• _Material shown_:
>>>
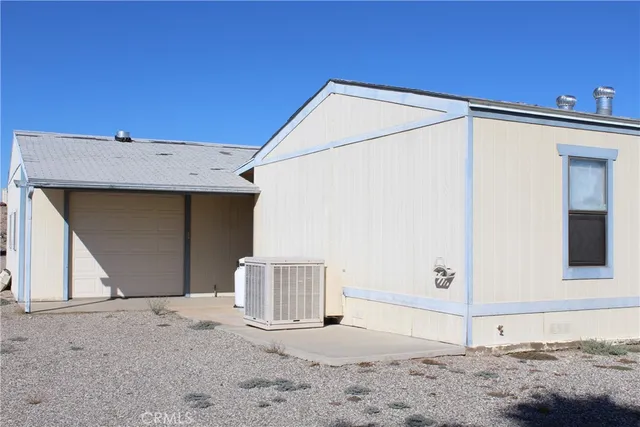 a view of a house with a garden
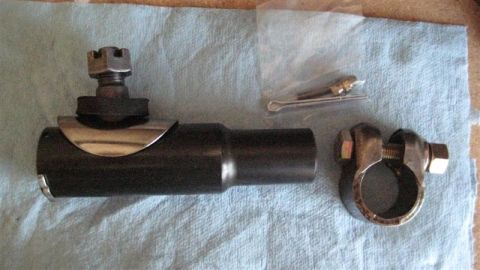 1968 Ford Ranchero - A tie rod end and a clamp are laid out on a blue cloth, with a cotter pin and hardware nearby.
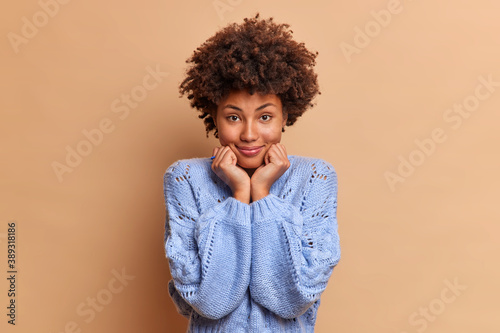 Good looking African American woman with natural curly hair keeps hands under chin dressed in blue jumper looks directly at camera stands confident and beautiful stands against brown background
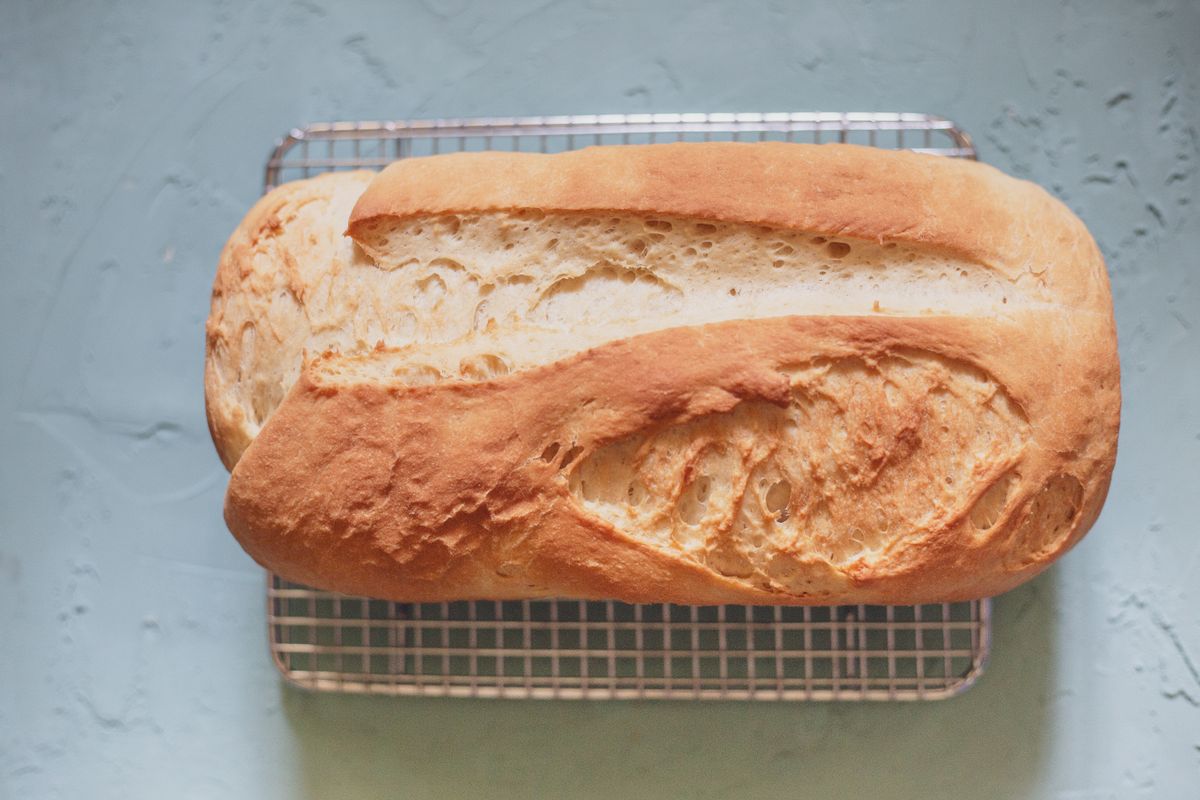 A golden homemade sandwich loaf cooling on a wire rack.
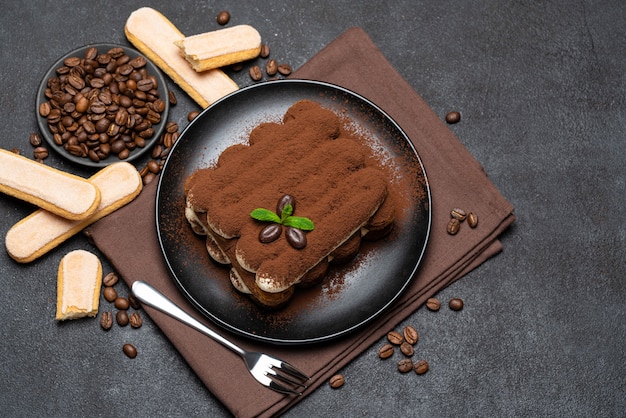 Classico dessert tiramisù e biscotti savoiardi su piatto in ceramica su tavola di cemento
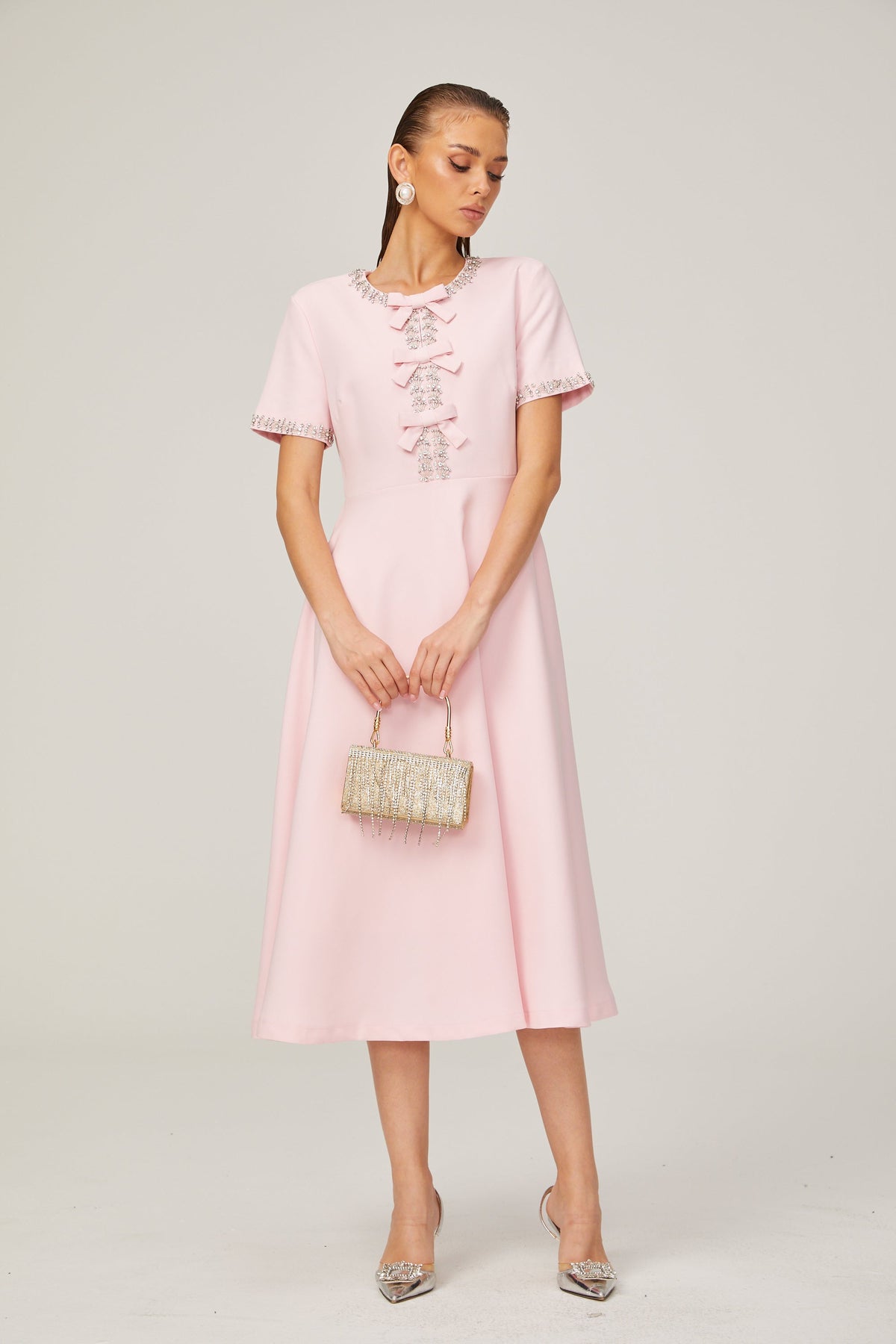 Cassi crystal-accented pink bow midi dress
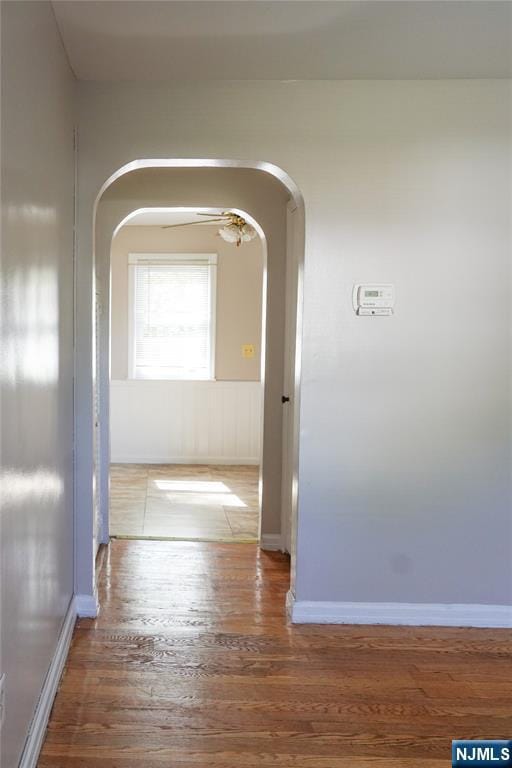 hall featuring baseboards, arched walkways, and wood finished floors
<<<
>>>
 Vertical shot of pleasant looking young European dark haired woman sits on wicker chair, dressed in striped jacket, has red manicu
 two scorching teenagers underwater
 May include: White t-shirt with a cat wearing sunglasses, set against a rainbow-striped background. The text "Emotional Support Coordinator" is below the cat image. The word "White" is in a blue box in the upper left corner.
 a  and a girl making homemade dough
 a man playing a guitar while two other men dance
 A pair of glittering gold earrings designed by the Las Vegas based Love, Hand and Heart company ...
<<<
>>>
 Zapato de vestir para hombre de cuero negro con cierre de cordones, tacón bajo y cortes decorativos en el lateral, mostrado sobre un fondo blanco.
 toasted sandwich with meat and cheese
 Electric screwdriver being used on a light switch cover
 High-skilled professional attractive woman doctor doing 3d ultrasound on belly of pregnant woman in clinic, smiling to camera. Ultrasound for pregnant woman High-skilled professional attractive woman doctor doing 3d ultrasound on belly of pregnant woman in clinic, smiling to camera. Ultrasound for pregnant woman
<<<
Using the records above, print exactly the lines between the ones containing "a view of a house with a garden" and "hall featuring baseboards, arched", inclusive, and nothing else; no pictures.

 a view of a house with a garden
 1968 Ford Ranchero - A tie rod end and a clamp are laid out on a blue cloth, with a cotter pin and hardware nearby.
 Good looking African American woman with natural curly hair keeps hands under chin dressed in blue jumper looks directly at camera stands confident and beautiful stands against brown background
 A golden homemade sandwich loaf cooling on a wire rack.
 Classico dessert tiramisù e biscotti savoiardi su piatto in ceramica su tavola di cemento
 Cassi crystal-accented pink bow midi dress
 hall featuring baseboards, arched walkways, and wood finished floors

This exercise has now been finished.